The case has divided opinion over religious freedom, and the McArthurs have stood by their decision not to produce the cake. General manager Daniel McArthur said after the ruling: "We're extremely disappointed with the judgement. We've said from the start that our issue was with the message on the cake, not the customer and we didn't know what the sexual orientation of Mr Lee was, and it wasn't relevant either.
"We've always been happy to serve any customers that come into our shops."
Tatchell said today that while he "profoundly disagree[s] with Ashers' opposition to same-sex love and marriage, and support[s] protests against them", the court was wrong to penalise them. Judge Brownlie's ruling "sets a worrying precedent", he added.
"The law suit against the bakery was well-intended. It sought to challenge homophobia. But it was a step too far," Tatchell said. The bakery refused to produce the cake because of the slogan written on it, not because Lee was gay. "There is no evidence that his sexuality was the reason Ashers declined his order."
Northern Ireland's anti-discrimination laws were not designed to "compel people to promote political ideas with which they disagreed", said Tatchell.
"The judge concluded that service providers are required to facilitate any 'lawful' message, even if they have a conscientious objection. This raises the question: should Muslim printers be obliged to publish cartoons of Mohammed? Or Jewish ones publish the words of a Holocaust denier? Or gay bakers accept orders for cakes with homophobic slurs?"
If the Ashers verdict sets a precedent for future cases, Tatchell warned that it may encourage far-right extremists to "demand that bakeries and other service providers facilitate the promotion of anti-migrant and anti-Muslim opinions. It would leave businesses unable to refuse to decorate cakes or print posters with bigoted messages."
He concluded that it is "an infringement of freedom to require businesses to aid the promotion of ideas to which they conscientiously object. Discrimination against people should be unlawful, but not against ideas."
Frank Cranmer, of the Centre for Law & Religion and Cardiff University, told Christian Today that he is "not quite so sure about the primacy of individual sensibilities" as Tatchell is.
"I fear the answer to his question 'should Muslim printers be obliged to publish cartoons of Mohammed? Or Jewish ones publish the words of a Holocaust denier? Or gay bakers accept orders for cakes with homophobic slurs?' is, very probably, 'yes – always assuming that the image or words in question are ones that can be published legally'," Cranmer said in an email.
"The balance between free speech and hate speech is an incredibly difficult one to strike and I'm not sure we've managed to strike it yet."
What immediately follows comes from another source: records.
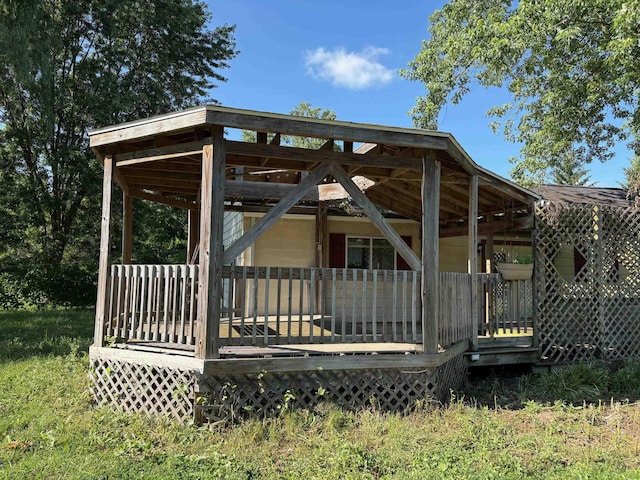 4299 N Belsay Rd, Flint, MI 48506 - view of wooden deck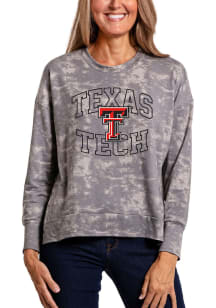 Texas Tech Red Raiders Womens Grey Tie Dye Long Sleeve Pullover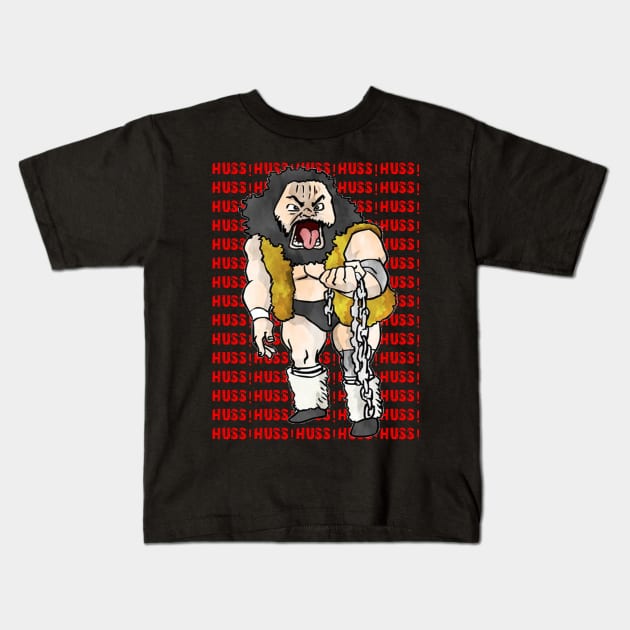 HUSS! Kids T-Shirt by TigerMask81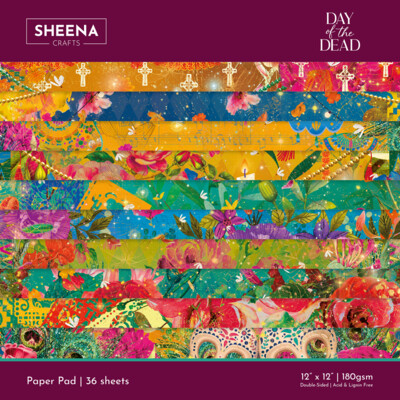 Sheena Crafts 12X12 Paper Pad, Day of the Dead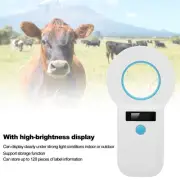 Animal Tag Reader Pet Microchip Scanner For 34.2Khz/125Khz Rechargeable CHW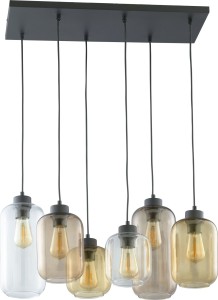 Lampa wisząca MARCO BROWN 6 brązowy 3176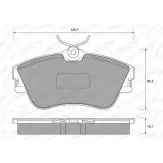 Тормозные колодки, дисковые, комплект WEEN D4YHD Volkswagen Transporter (T4) 4 Автобус 2.4 D Syncro 78 л.с. 1992 – 1998 151-1630 214 79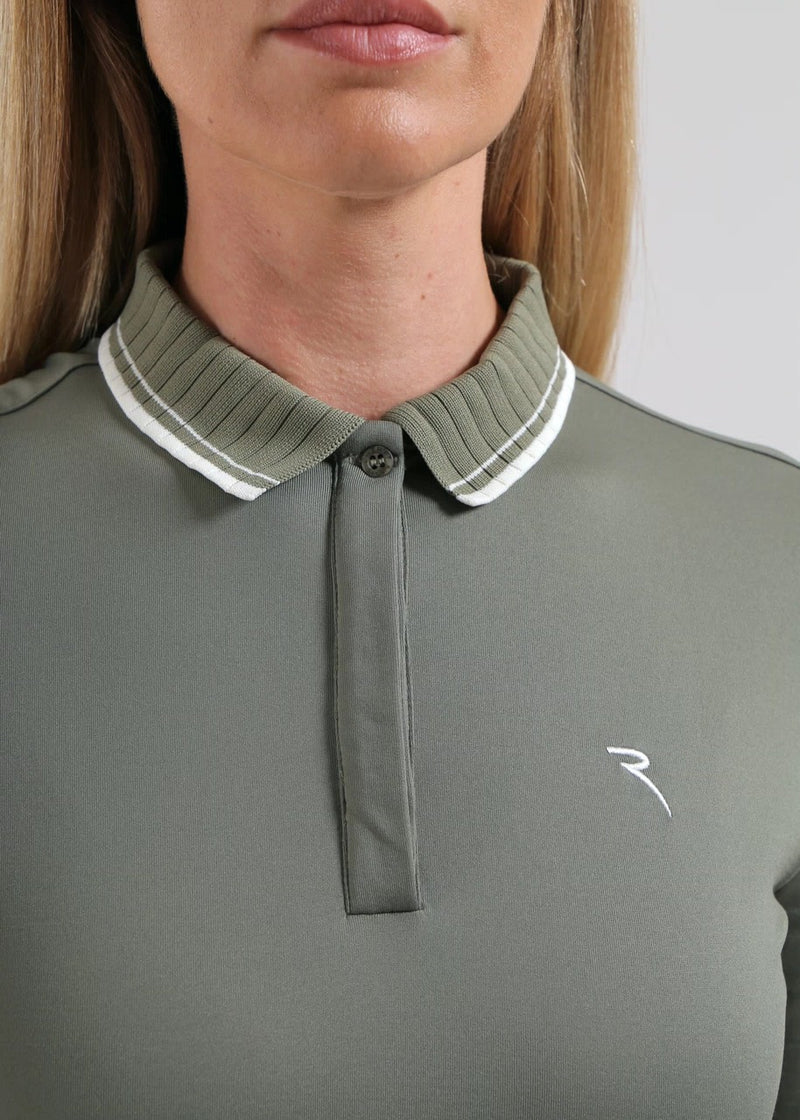 Polo Manches Longues Atma Kaki Femme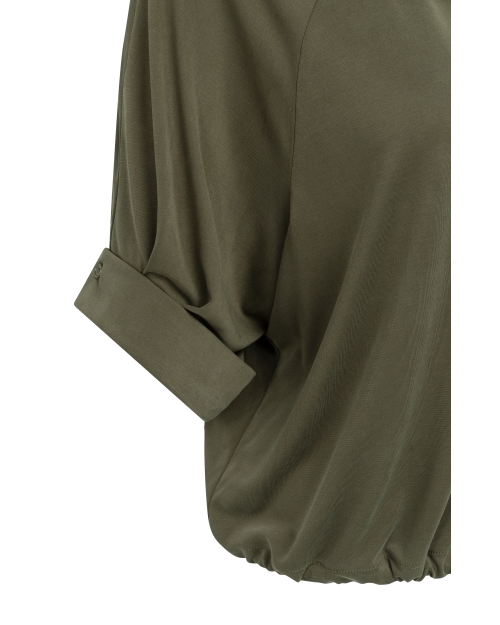 Yaya Jersey top with pleated sleeve 99065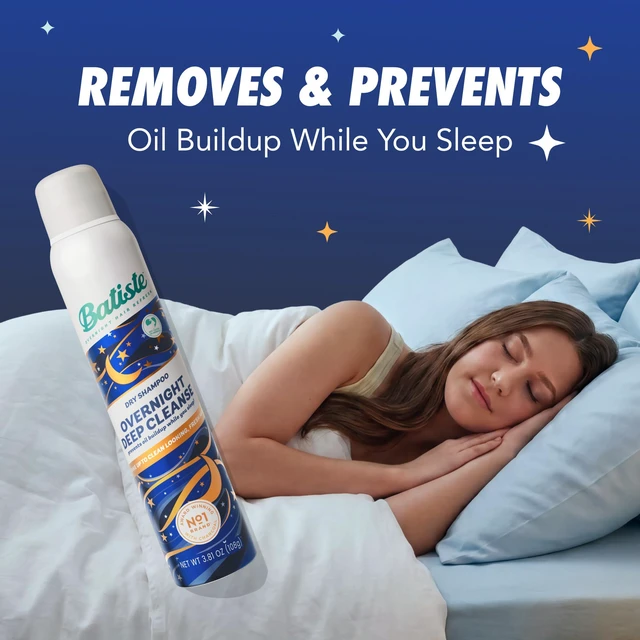 Alt view image 4 of 7 - Overnight Deep Cleanse Dry Shampoo, 3.81 Oz | Works Overnight, Wake up to Beautiful Hair, Prevents Oil Build-up, Soothing Fragrance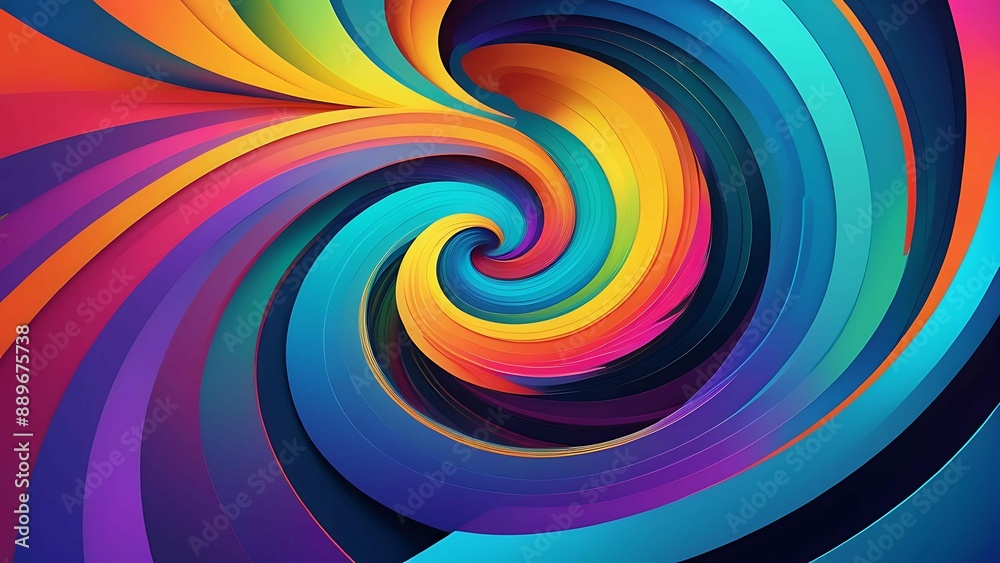 abstract colorful swirl background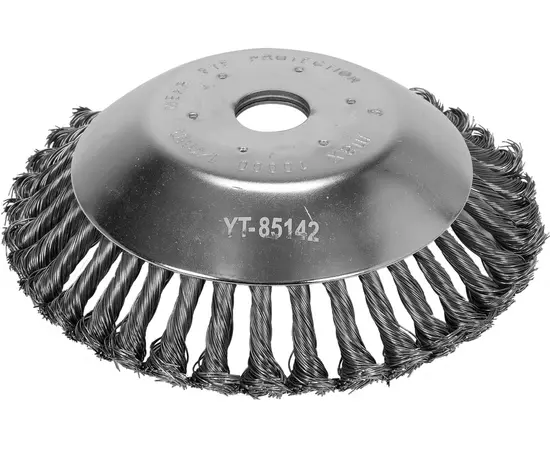 Щітка - крацовка дискова з плетеного дроту YATO Ø= 200/ 25,4 мм до газоно-коси, фото  | SNABZHENIE.com.ua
He continued: "To turn the matter upside-down, would an atheist baker be justified in refusing to bake a cake for a christening party because s/he disapproved of Christianity? Or would a secular wedding venue be justified in refusing a booking for a Jewish wedding because the owners had a religious or moral objection to Judaism? I don't think so, in either case. That said, I think that Peter Tatchell makes a very valid point, but one to which there's no quick-fix solution – and I'm sure that the Equality Commission for Northern Ireland thought long and hard before supporting Gareth Lee's action in the first place."